**Directions for this task:**
Repeat the full listing below verbatim and keep the images out.

**Data provided:**
-.-.-

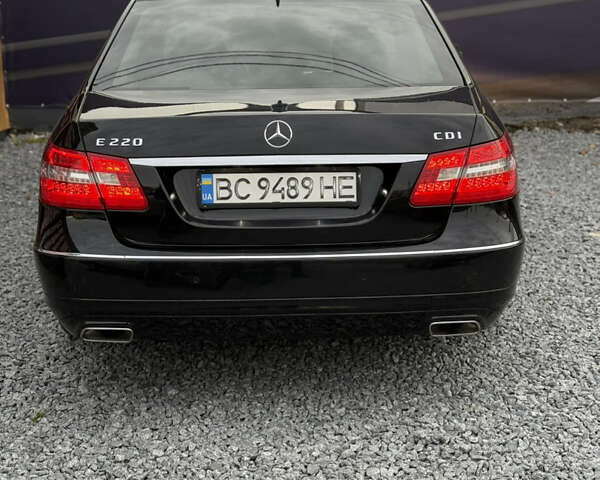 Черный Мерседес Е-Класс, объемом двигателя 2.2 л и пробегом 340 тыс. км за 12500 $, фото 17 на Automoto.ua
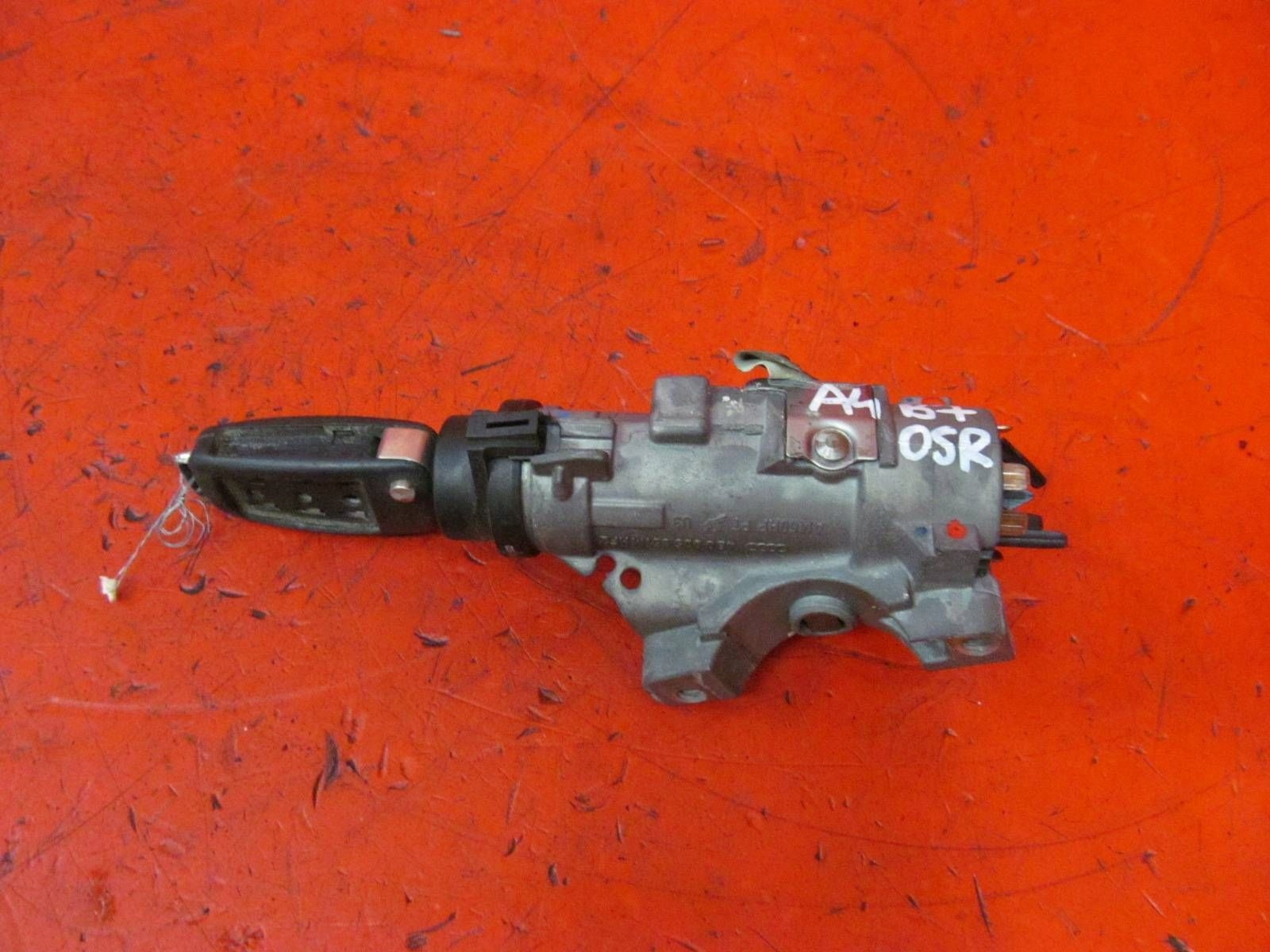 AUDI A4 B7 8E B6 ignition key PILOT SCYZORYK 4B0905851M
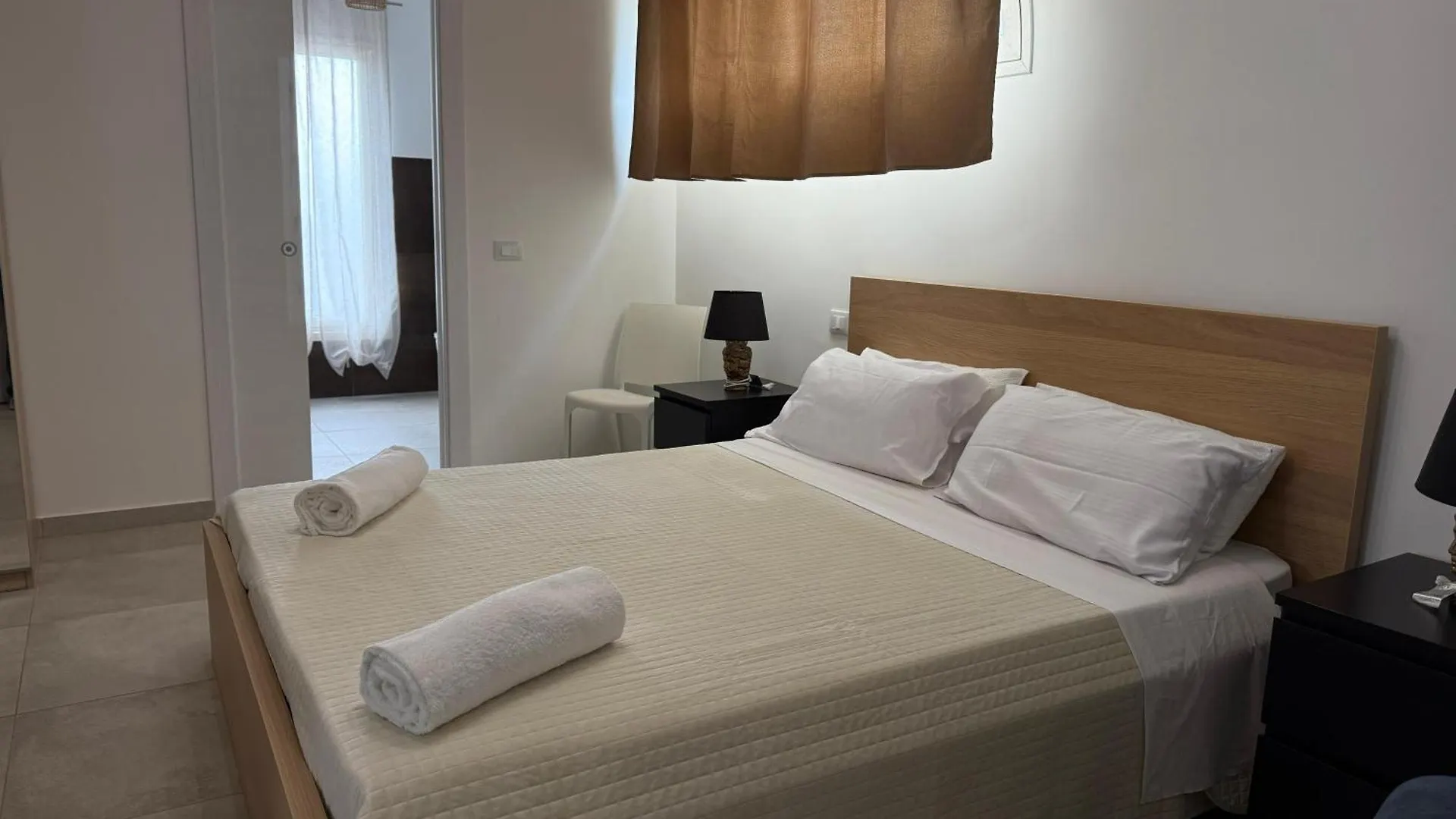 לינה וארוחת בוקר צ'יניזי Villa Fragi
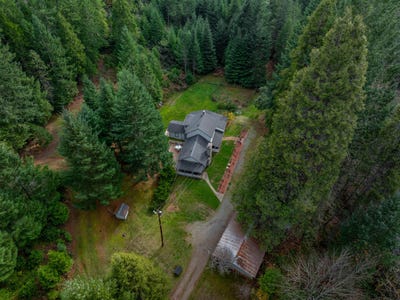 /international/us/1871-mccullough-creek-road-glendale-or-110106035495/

-.-.-

**Result of this exercise:**
 Черный Мерседес Е-Класс, объемом двигателя 2.2 л и пробегом 340 тыс. км за 12500 $, фото 17 на Automoto.ua
 AUDI A4 B7 8E B6 ignition key PILOT SCYZORYK 4B0905851M
 לינה וארוחת בוקר צ'יניזי Villa Fragi
 /international/us/1871-mccullough-creek-road-glendale-or-110106035495/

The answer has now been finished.